Западное искусство композиции родилось под куполом собора. Потому оно «высокое»; потому же (проекция духовной высоты на временную горизонталь) оперирует большими временными величинами, способными замещать духовный масштаб.

С феноменом замещения большим высокого связано оформление тривиальной музыки, а следовательно, и авангардистское развитие XX века. Если верить в культурную предопределенность, то перспектива буксующей во времени пустой формы открылась в самом начале искусства композиции. В XII веке, которым датируется жизнь первого великого композитора (Перотина), духовно высокое легко обменивалось на социально большое: свободные многоголосные вставки к литургическим чтениям — кондукты — уже исполнялись отдельно от богослужения, в торжественных застольях и процессиях, во время коронаций и погребений.

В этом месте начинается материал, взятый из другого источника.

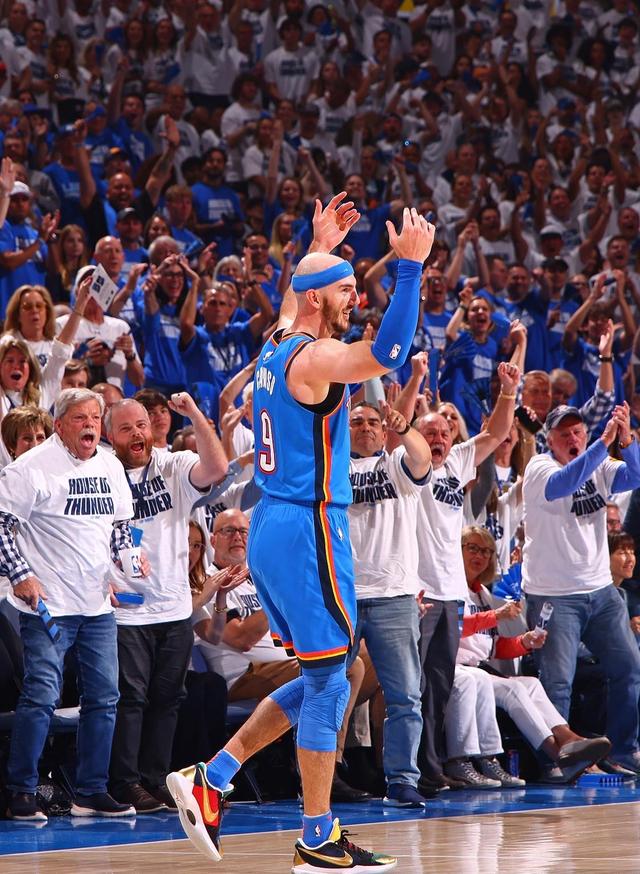 包含热火B队险胜立陶宛男篮，卡鲁索惊艳世界的词条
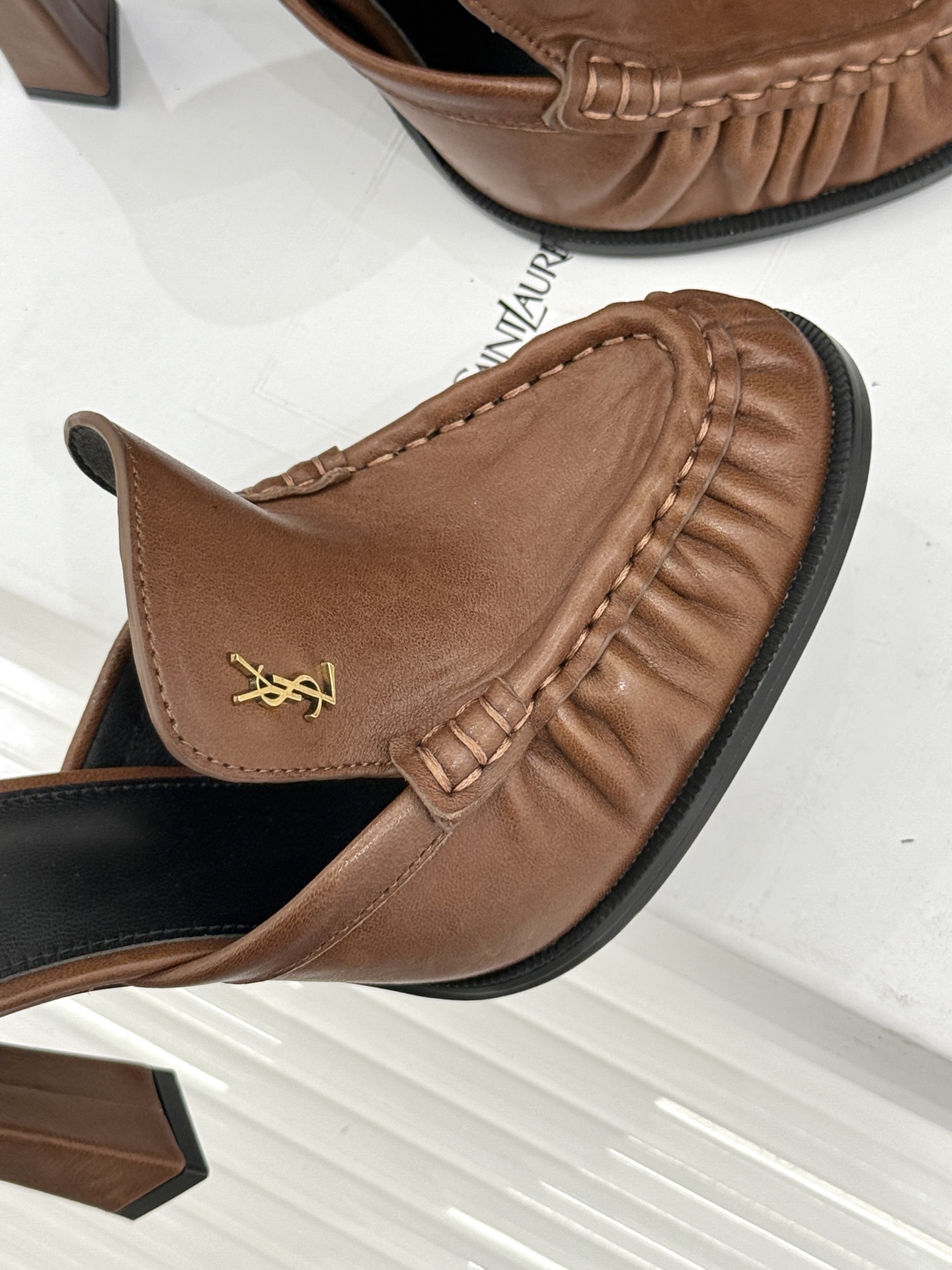 Saint Laurent /圣罗兰YSL26WF新品小logo高跟后空凉鞋拖鞋标志性的小logo是这双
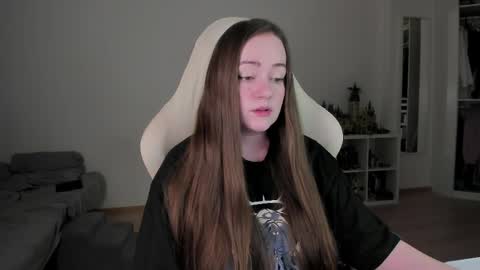 Snapshot of lil_happiness chatting on 04.08.26 for free registration 3 online show from 04.08.26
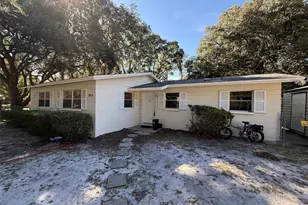 3818 NE 13th Dr, Gainesville, FL 32609 - Photo 2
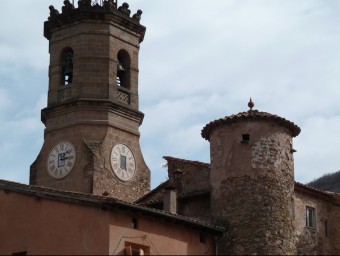 Una vista del campanar de l'església parroquial de Santa Maria, on hi ha les campanes. J.C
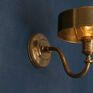De Ambergouden Messing wandlamp brengt een vleugje warmte en een zachte sfeer in het interieur van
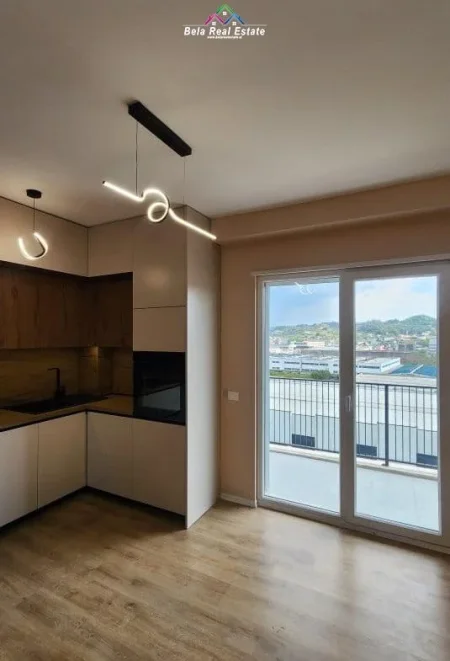 Tirane, jepet me qera apartament 2+1 Kati 8, 92 m² 550 € (Rruga Gryka e Kacanikut)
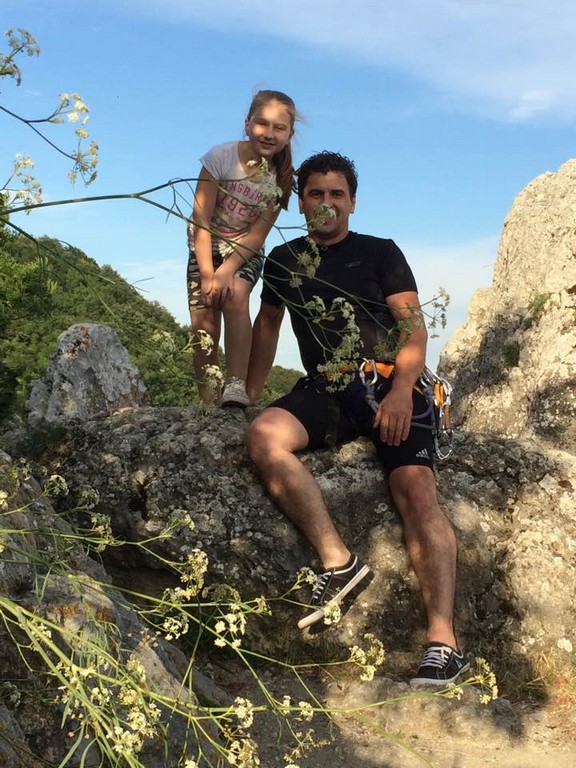 DANIEL VINKO Profesionalni vozač/medicinski tehničar uspješno upravlja sanitetskim prijevozom Međimurja DANIEL VINKO Profesionalni vozač/medicinski tehničar uspješno upravlja sanitetskim prijevozom Međimurja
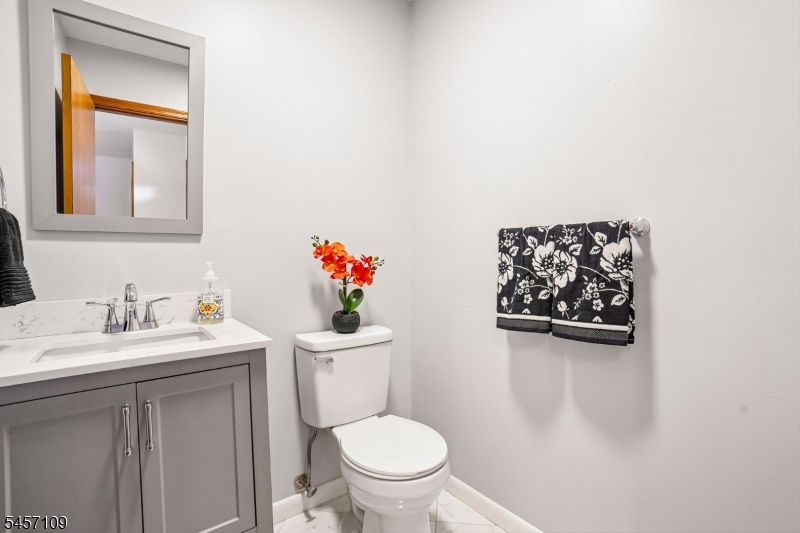 9 Ross Road Stanhope, NJ 07874 - Photo 5 of 41 Gallery Image 5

Собственно, не в кондукте дело, а в Церкви, из которой жанр устремился на пиры и похороны. Литургическая композиция на Западе смогла выйти за стены храма благодаря традиции апофатического богословия. Блаженный Августин полагал, что познать Бога можно через познание человеческой души. Потому и «человеческая музыка» (она же instrumentalis, т.е. композиторская техника) в принципе не отличается от «божественной». Последняя только возвышеннее и благочестивее. Ничто не мешает плавному переходу от предельно возвышенного к несколько менее возвышенному, от литургического кондукта к процессионному.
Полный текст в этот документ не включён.